THE PROBLEM:
Unless a line falls after the one with "Brian Sato #13 amalgam removal", retype it exactly from the records below; leave out all pictures.
◇ ◇ ◇ ◇ ◇
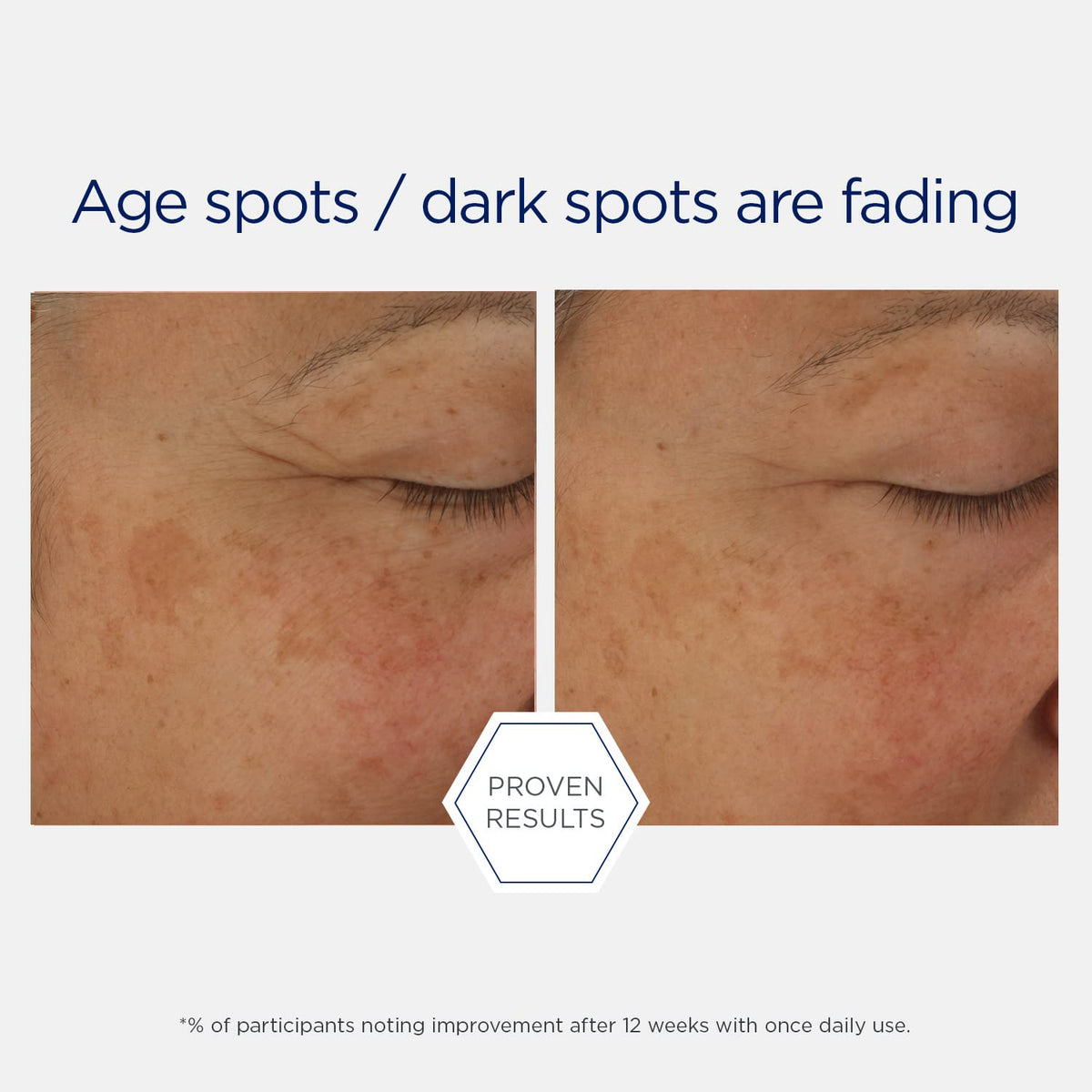 NEOSTRATA Potent Retinol Complex Night Serum fragrance-free label communicates gentle nightly care.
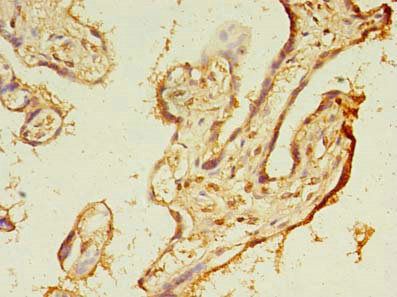 TMEM165 antibody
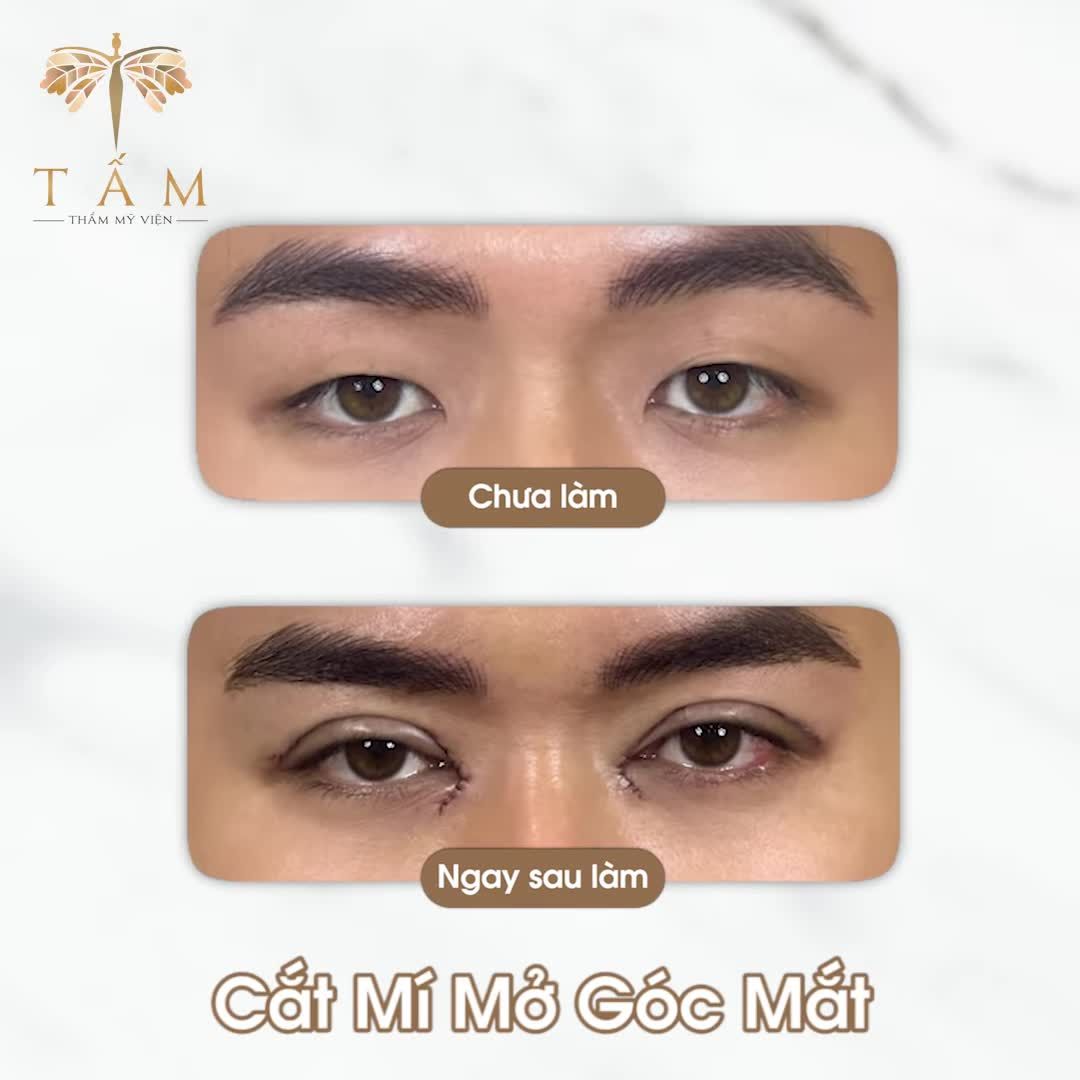 Cắt mí + Mở góc mắt - Kiến tạo đôi mắt hoàn hảo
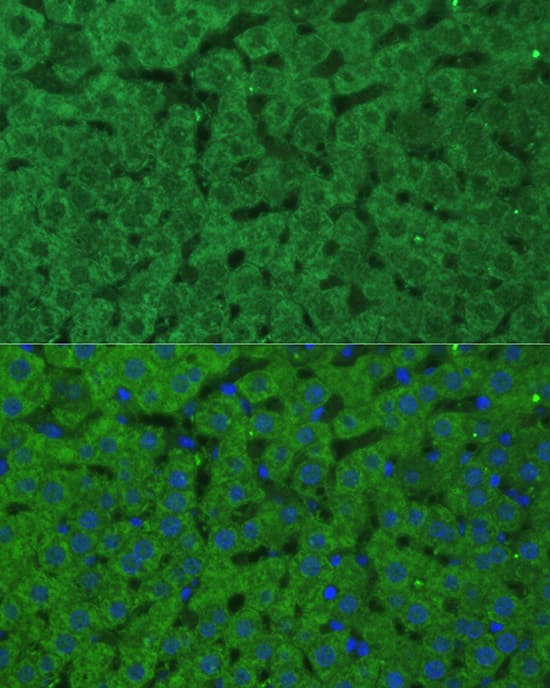 Immunocytochemistry/ Immunofluorescence: CBS Antibody [NBP3-35425] - Immunofluorescence analysis of paraffin-embedded rat liver using CBS Rabbit pAb at dilution of 1:100 (40x lens). Secondary antibody: Cy3-conjugated Goat anti-Rabbit IgG (H+L) at 1:500 dilution. Blue: DAPI for nuclear staining.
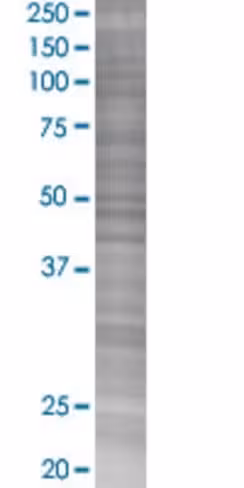 Oprl1 293t cell transient overexpre ssion lysate (denatured) 100 µl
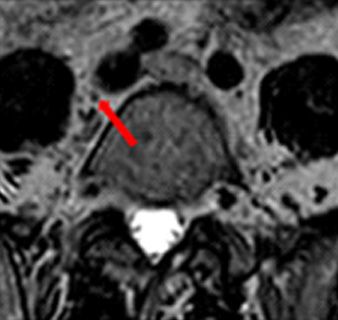 T2W MRI on Elekta Unity MR-Linac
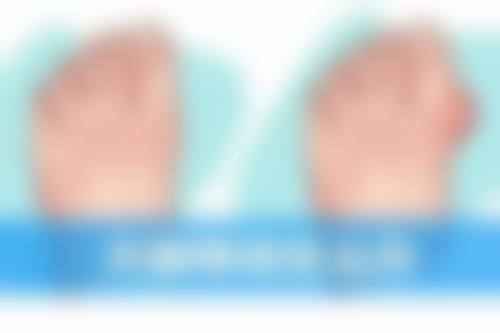 庞艳医生擅长项目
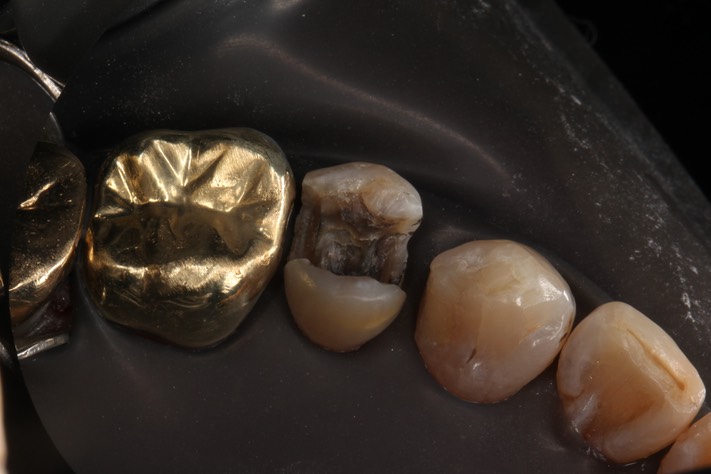 Brian Sato #13 amalgam removal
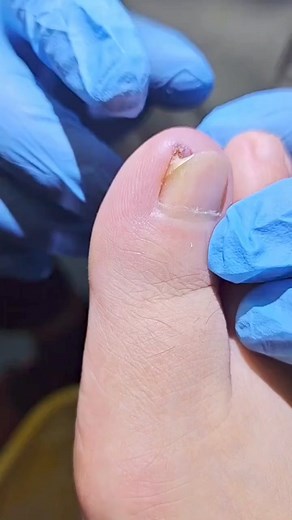 1.9M views · 10K reactions | #toenails #toes #feet #pedicure #nails #prettytoes #foot #footfetishnation #feetlovers #prettyfeet #feetworship #soles #feetpics #feetporn #toesfetish #feetfetishworld #softfeet #footfetish #footcare #barefeet #podiatrist #feetstagram #toe #cutefeet #pedicures #medical #reelsvideo #virals #followers #fyp | Emaly | Facebook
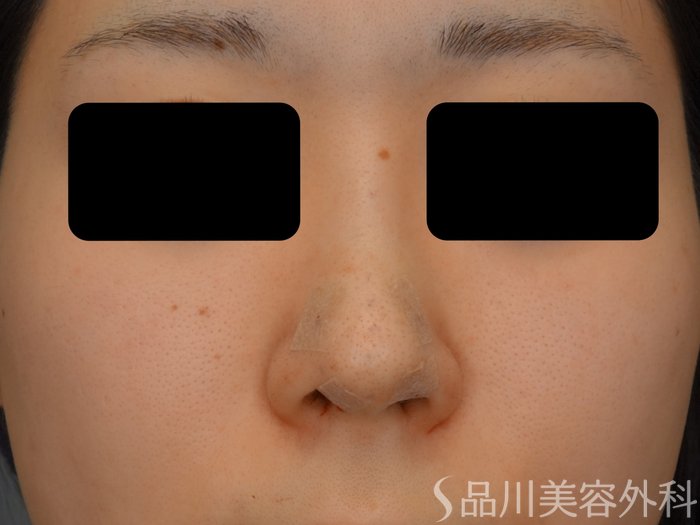 症例NO.74676のAFTER写真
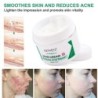 Narbenentfernungscreme - Dehnungsstreifen - Aknenarben - Gesichts-/Körperbehandlung - 50 ml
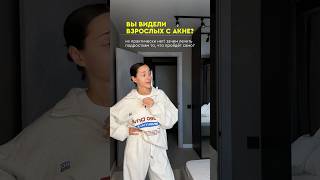 А вам тоже в детстве говорили: «мой лицо мылом, и всё пройдет»?👇🏻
◇ ◇ ◇ ◇ ◇
ANSWER TO THE EXERCISE:
 NEOSTRATA Potent Retinol Complex Night Serum fragrance-free label communicates gentle nightly care.
 TMEM165 antibody
 Cắt mí + Mở góc mắt - Kiến tạo đôi mắt hoàn hảo
 Immunocytochemistry/ Immunofluorescence: CBS Antibody [NBP3-35425] - Immunofluorescence analysis of paraffin-embedded rat liver using CBS Rabbit pAb at dilution of 1:100 (40x lens). Secondary antibody: Cy3-conjugated Goat anti-Rabbit IgG (H+L) at 1:500 dilution. Blue: DAPI for nuclear staining.
 Oprl1 293t cell transient overexpre ssion lysate (denatured) 100 µl
 T2W MRI on Elekta Unity MR-Linac
 庞艳医生擅长项目
 Brian Sato #13 amalgam removal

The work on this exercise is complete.